Sensitivity analysis of the (left) contact stiffness and (right) roughness on the relative viscosity, for various solid fractions. Simulations at imposed solid fraction, $N=5000, {\mu }_m=0.4, \epsilon =0.02$ (for stiffness), and $k/\left({\eta }_f\dot{\gamma }\right)={10}^7$ (for roughness).

Figure 2

Snapshot of a slice of the system, normal to the vorticity direction. The arrows indicate the particle velocities, and the colors correspond to the magnitude of the pressure gradient, normalized by the global confining pressure (see color bar). This example has been obtained at $I_v={10}^{-2}$ for ${\mu }_m=0.3$.

Figure 3

Comparison of the shear viscosity obtained with and without pore pressure feedback. For this comparison, ${\mu }_m=0.3$. The solid line corresponds to equality.

Figure 4

Relative viscosity as a function of solid fraction, for various microscopic friction coeficients (see legend). Present data (open symbols) are compared to experimental results of Boyer et al. [11] and Dbouk et al. [32] and numerical results of Mari et al. [9] and Gallier et al. [10].

Figure 5

Effective friction coefficient $\mu =\tau /P_p$ as a function of $I_v$, for various microscopic friction coefficients ${\mu }_m$, as indicated in the legend.
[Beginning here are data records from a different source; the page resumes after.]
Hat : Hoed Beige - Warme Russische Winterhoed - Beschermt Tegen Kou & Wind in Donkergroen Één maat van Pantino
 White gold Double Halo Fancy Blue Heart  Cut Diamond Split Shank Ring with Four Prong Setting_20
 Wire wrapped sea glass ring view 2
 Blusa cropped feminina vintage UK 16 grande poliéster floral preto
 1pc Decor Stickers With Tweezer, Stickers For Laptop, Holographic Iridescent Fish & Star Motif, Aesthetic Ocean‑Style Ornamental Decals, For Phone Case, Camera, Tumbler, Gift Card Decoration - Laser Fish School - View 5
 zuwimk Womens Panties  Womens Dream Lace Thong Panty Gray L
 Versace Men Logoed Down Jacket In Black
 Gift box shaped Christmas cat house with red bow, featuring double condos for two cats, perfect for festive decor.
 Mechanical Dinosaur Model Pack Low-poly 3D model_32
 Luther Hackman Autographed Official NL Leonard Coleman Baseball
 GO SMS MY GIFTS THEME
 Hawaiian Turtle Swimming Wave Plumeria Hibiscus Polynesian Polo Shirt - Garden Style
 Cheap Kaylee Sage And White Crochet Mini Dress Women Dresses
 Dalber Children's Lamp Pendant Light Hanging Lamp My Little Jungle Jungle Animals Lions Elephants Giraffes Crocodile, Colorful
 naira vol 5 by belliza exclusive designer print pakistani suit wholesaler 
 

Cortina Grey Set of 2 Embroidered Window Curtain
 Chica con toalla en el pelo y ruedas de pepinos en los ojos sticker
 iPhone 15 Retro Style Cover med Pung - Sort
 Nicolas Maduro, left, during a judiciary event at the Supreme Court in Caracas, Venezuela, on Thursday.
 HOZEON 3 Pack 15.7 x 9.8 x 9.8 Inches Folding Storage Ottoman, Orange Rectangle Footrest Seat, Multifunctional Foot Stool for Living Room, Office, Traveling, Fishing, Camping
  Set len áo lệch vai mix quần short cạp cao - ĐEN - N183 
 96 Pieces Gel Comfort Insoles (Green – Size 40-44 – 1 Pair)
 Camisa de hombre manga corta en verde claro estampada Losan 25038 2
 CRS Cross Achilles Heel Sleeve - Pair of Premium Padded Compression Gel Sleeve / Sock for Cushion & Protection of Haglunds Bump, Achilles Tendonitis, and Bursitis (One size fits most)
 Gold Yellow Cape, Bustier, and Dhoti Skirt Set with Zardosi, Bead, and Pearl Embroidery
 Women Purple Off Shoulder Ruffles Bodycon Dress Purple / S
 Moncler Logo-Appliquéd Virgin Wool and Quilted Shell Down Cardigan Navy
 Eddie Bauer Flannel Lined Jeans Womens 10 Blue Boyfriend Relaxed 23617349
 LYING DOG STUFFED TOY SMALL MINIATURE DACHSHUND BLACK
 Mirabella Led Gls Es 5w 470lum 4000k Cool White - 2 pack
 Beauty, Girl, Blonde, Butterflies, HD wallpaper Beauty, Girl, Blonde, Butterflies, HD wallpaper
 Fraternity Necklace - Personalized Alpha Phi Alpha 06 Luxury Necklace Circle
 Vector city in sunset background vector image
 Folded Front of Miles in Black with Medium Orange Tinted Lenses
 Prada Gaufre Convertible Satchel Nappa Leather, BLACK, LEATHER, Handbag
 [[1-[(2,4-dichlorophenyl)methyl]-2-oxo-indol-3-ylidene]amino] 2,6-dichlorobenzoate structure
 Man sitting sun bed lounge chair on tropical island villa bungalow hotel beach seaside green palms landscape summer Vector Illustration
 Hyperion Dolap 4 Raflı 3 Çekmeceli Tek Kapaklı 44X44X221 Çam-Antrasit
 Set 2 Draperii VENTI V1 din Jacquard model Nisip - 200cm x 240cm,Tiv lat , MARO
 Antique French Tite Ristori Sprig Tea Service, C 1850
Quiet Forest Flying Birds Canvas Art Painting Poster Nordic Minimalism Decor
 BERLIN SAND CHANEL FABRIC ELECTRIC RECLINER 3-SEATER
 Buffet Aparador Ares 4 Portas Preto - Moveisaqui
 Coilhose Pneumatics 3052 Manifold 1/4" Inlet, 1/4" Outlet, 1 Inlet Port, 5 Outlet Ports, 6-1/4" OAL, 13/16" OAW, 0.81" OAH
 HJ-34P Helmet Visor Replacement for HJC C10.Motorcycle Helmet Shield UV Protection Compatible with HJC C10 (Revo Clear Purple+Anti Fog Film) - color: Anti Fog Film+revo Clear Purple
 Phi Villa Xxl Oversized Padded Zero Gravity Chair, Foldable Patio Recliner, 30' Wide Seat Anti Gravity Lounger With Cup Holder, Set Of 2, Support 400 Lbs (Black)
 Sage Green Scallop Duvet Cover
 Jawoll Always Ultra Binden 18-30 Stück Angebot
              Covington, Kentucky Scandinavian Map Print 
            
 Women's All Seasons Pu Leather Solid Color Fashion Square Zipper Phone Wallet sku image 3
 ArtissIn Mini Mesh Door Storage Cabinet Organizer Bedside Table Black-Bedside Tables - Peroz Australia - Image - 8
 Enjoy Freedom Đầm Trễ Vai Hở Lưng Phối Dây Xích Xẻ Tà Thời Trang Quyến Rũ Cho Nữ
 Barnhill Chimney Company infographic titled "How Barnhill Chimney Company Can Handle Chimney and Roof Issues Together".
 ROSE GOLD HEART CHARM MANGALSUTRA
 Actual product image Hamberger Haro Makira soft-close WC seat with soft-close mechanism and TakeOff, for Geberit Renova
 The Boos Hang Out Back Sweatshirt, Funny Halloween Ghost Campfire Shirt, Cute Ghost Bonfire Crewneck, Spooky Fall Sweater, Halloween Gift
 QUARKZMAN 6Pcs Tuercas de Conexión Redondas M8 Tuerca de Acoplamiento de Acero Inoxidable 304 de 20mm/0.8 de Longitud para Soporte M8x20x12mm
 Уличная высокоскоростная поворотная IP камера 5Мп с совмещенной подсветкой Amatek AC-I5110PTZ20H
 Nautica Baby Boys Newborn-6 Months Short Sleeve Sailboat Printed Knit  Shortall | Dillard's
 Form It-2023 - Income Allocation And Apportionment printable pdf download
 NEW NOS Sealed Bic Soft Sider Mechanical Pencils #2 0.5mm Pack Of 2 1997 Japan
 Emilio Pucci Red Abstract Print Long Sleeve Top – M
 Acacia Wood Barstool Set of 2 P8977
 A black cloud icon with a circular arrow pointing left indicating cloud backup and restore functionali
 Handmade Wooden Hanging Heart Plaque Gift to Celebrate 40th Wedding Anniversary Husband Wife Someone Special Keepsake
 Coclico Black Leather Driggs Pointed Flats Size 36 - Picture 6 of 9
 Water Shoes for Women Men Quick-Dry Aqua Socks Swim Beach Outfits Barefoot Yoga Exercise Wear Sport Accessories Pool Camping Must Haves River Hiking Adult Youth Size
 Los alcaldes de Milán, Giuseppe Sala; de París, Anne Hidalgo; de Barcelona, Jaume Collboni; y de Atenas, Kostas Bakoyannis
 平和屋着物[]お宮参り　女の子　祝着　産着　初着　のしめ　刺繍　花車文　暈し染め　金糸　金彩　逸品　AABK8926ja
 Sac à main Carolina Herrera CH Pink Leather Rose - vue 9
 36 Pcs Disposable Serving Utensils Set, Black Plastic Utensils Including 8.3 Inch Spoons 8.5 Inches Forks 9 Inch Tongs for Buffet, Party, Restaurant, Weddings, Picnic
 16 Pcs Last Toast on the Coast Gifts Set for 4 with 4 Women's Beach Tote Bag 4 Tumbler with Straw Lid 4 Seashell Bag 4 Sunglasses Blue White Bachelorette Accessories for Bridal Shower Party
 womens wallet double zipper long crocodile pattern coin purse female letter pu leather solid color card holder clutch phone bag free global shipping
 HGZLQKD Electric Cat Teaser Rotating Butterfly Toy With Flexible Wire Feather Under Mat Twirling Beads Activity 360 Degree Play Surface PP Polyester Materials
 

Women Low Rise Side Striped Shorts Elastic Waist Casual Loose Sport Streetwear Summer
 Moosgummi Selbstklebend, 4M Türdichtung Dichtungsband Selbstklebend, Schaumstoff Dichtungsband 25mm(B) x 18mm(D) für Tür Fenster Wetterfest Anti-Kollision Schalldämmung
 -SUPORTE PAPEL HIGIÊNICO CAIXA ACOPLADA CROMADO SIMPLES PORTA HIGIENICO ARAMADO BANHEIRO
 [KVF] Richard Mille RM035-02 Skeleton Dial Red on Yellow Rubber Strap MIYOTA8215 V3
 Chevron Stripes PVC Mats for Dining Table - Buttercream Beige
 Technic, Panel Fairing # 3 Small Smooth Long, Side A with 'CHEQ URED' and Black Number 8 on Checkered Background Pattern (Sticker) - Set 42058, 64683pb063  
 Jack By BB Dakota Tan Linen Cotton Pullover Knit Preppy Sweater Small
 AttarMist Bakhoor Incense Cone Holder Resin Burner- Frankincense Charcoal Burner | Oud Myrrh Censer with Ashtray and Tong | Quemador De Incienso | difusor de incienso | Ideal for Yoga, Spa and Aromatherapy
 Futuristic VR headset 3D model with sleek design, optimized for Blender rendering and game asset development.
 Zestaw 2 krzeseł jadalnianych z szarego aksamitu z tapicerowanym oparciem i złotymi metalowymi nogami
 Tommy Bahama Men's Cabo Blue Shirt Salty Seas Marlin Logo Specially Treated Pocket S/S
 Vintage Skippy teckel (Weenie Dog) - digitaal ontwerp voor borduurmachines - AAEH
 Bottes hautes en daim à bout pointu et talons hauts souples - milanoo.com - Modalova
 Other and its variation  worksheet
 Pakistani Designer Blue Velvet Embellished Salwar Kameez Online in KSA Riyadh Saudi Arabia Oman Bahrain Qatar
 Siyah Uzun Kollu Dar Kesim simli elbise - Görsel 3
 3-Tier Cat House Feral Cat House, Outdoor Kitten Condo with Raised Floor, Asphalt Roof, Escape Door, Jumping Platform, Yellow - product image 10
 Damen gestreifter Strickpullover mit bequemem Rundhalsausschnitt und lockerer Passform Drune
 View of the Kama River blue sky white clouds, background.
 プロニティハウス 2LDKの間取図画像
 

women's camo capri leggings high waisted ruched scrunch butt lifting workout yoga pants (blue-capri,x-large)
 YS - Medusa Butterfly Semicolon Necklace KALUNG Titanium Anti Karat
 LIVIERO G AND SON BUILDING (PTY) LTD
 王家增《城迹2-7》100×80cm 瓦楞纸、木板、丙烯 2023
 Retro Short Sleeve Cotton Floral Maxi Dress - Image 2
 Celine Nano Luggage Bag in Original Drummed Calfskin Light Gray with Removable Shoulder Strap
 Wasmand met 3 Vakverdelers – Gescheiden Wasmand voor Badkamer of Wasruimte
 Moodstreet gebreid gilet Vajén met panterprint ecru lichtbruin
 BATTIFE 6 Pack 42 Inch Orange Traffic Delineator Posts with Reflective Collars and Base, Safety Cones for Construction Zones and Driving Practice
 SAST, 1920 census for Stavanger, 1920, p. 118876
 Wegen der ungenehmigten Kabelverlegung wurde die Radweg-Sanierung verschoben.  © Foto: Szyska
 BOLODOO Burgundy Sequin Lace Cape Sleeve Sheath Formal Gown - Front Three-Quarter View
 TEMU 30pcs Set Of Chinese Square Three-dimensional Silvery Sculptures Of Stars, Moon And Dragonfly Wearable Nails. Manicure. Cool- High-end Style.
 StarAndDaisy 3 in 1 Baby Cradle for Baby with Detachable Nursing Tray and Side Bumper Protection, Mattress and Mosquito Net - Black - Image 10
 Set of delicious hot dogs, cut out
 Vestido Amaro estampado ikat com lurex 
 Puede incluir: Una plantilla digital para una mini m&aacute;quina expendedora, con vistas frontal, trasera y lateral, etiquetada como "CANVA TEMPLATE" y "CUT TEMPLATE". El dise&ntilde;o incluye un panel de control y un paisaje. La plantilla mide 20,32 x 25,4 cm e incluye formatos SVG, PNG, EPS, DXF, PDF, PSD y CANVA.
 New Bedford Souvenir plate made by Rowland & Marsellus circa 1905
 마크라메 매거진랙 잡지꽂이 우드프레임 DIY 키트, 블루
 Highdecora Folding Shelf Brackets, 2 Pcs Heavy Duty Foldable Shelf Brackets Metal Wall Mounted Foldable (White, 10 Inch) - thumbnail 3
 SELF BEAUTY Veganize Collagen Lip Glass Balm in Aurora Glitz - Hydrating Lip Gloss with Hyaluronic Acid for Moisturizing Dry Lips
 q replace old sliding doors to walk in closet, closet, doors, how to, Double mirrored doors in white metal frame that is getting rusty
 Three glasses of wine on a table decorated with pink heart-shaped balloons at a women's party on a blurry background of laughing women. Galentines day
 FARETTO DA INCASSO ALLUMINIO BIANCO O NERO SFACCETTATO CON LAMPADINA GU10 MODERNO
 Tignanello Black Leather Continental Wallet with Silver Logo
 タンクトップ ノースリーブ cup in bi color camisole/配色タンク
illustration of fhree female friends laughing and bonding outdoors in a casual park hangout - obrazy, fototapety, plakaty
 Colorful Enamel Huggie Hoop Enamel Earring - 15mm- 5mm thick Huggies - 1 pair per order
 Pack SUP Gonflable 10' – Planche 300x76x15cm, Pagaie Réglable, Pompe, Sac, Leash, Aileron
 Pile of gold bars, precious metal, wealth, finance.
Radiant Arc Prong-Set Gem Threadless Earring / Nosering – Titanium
Data from Refs. [10, 11] are superimposed for comparison.

Figure 6

(a) Solid fraction as a function of the viscous number for various value of ${\mu }_m$, as indicated in the legend. The solid line represents the correlation proposed in Boyer et al. [11], $\varphi ={\varphi }_m/\left(1+I_v^{0.5}\right)$, which accounts well for the experimental data, for $I_v<0.1$. The dashed line is simply the extrapolation of this correlation at higher viscous numbers, where no experimental data are available. (b) Same data, but the solid fraction is normalized by its asymptotic value ${\varphi }_m$ at low $I_v$. The solid line represents the correlation $1/\left(1+I_v^{0.5}\right)$. In insert are shown the different values of ${\varphi }_m$ as a function of the microscopic friction coefficient. The data are fitted by an exponential function, which accounts well for the data, and displayed in Eq. (13).

Figure 7

(a) Reduced viscosity (same data as in Fig. 4), plotted as a function of the distance to jamming, $1-\varphi /{\varphi }_m$. Solid and dashed lines represent power law functions of exponents $-2$ and $-1$, respectively. (b) $1-\varphi /{\varphi }_m$, plotted vs the viscous number $I_v$ for the whole range of ${\mu }_m$ tested. The solid line represents $I_v^{1/2}$.

Figure 8

Contact and lubrication contribution to the effective friction coefficient. (Left) All the components (circles for contact contribution, squares for normal lubrication contribution, and crosses for shear lubrication contribution) are plotted as a function of $I_v$. (Right) Magnified plot of (top) the contact contribution and (bottom) the sum of lubrication contribution $\left({\mu }_L={\mu }_L^N+{\mu }_L^S\right)$. Discontinuous lines are models proposed by different authors. Contact contribution proposed by Gallier et al. [10] is the same as that proposed by Boyer et al. [11]. Solid lines represents the model proposed in Eqs. (14) and (15).